#### [Exercise directions]
The expected result is the segment of the entries that begins with the line containing "4325 Pinto Ln" and ends with the last line, copied verbatim.

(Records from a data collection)
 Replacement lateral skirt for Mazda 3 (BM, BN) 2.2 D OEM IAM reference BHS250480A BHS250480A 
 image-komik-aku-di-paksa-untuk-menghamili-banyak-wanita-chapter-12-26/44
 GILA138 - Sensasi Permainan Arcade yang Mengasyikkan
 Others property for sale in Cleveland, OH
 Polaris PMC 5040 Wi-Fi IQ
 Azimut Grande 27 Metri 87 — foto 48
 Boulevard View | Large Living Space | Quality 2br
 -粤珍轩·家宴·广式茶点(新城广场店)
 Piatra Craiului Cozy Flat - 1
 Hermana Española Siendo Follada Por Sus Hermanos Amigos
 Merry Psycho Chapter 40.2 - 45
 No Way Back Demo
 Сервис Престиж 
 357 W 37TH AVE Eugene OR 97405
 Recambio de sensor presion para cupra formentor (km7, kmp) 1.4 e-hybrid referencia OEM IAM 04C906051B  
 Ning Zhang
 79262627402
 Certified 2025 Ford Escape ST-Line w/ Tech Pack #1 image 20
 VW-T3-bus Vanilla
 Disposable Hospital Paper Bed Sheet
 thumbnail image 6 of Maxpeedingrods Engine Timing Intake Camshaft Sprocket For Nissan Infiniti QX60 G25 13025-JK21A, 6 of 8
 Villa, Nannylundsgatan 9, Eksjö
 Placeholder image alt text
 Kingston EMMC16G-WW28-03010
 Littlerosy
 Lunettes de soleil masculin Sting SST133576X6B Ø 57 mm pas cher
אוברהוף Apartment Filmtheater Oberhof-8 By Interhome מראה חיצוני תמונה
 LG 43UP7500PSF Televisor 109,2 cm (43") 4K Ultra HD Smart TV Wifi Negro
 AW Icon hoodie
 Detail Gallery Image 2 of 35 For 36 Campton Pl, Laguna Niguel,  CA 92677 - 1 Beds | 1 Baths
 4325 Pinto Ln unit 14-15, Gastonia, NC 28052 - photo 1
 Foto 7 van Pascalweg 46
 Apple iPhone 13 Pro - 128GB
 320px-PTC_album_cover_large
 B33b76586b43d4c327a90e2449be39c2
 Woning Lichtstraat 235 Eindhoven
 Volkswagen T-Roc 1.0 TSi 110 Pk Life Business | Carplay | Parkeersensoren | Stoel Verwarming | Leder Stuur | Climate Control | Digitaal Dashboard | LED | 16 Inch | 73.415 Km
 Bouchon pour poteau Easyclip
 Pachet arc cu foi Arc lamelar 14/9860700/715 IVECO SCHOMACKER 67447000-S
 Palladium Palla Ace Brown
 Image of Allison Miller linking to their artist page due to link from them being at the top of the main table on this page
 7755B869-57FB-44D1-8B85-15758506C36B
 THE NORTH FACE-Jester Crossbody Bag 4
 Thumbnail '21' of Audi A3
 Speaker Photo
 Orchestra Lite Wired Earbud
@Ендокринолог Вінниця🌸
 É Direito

#### [Result]
 4325 Pinto Ln unit 14-15, Gastonia, NC 28052 - photo 1
 Foto 7 van Pascalweg 46
 Apple iPhone 13 Pro - 128GB
 320px-PTC_album_cover_large
 B33b76586b43d4c327a90e2449be39c2
 Woning Lichtstraat 235 Eindhoven
 Volkswagen T-Roc 1.0 TSi 110 Pk Life Business | Carplay | Parkeersensoren | Stoel Verwarming | Leder Stuur | Climate Control | Digitaal Dashboard | LED | 16 Inch | 73.415 Km
 Bouchon pour poteau Easyclip
 Pachet arc cu foi Arc lamelar 14/9860700/715 IVECO SCHOMACKER 67447000-S
 Palladium Palla Ace Brown
 Image of Allison Miller linking to their artist page due to link from them being at the top of the main table on this page
 7755B869-57FB-44D1-8B85-15758506C36B
 THE NORTH FACE-Jester Crossbody Bag 4
 Thumbnail '21' of Audi A3
 Speaker Photo
 Orchestra Lite Wired Earbud
@Ендокринолог Вінниця🌸
 É Direito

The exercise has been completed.